April 16, 2015 / 7:24 AM / in 3 years

Pakistani court blocks execution of those convicted by military courts

ISLAMABAD (Reuters) - Pakistan’s Supreme Court on Thursday ordered the suspension of death sentences passed by military courts set up this year after a spike in militant violence but which have raised concern about fairness and the extent of military powers.

The military said this month its courts had sentenced six “hard core terrorists” to death and a seventh to life imprisonment.

But the Supreme Court said those sentences could not be carried out.

“The execution of military courts’ death sentences, those which have already been awarded and those which will be awarded, is suspended,” Chief Justice Nasir ul Mulk told the Supreme Court in the capital, Islamabad.

Those convicted by military courts could appeal against their sentences, he added.

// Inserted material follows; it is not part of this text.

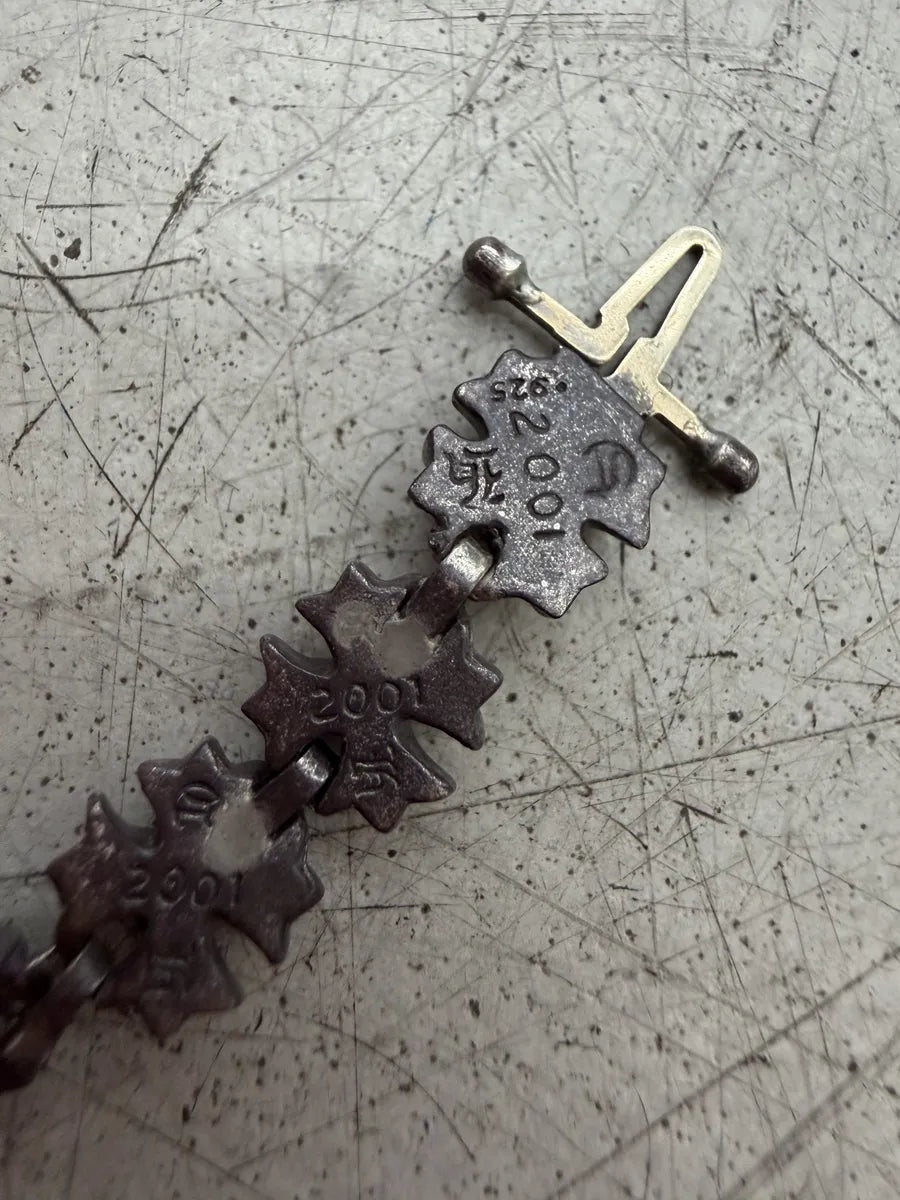 Chrome Hearts Tiny Plus Link Silver Bracelet iqtmseH 6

A military spokesman was not immediately available to comment on the Supreme Court’s decision.

Nine military courts were established in January, after militants attacked a school in the northwestern city of Peshawar, killing 134 pupils and 19 adults.

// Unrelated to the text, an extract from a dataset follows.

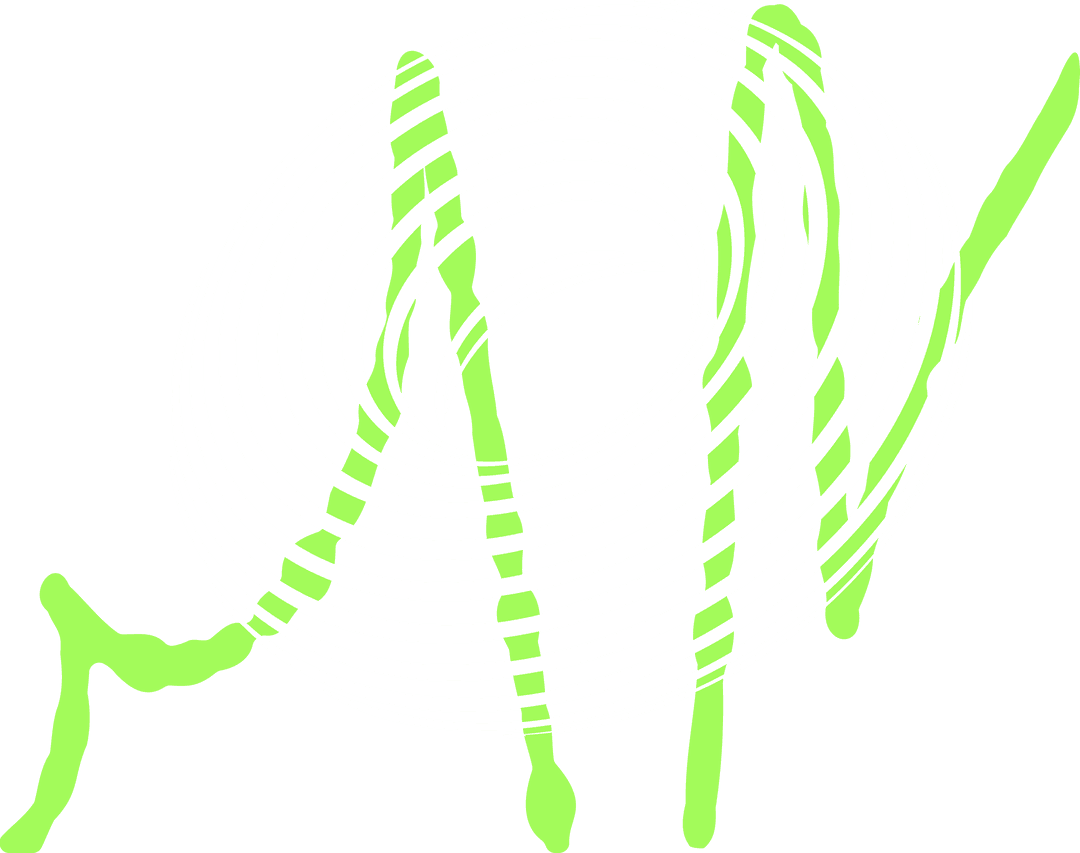 Dynamic Concentric Swirl with Neon Green Drips on Transparent Background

Amid popular pressure to crack down on militants after the school attack in December, Prime Minister Nawaz Sharif championed the new courts in parliament and lifted a moratorium on the death penalty.

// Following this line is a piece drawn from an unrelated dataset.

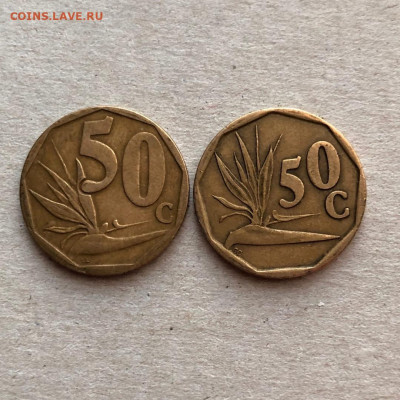 ЮАР 50 центов 2 шт,до 16.03. - Ktw2O1m_Y0c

More than 50 people have been executed since then, after being convicted by civilian courts.

The new courts expanded the military’s already considerable powers, giving it the authority to try civilians accused of terrorism.

Human rights groups say convictions by any courts in Pakistan can be highly unreliable because of an antiquated criminal justice system, the use of torture to extract confessions and shoddy police investigation.

Critics have raised questions about how fair and accountable the military courts are and the Supreme Court Bar Association had filed a legal challenge against them.

It had requested a stay of execution for those convicted, pending a decision on its challenge.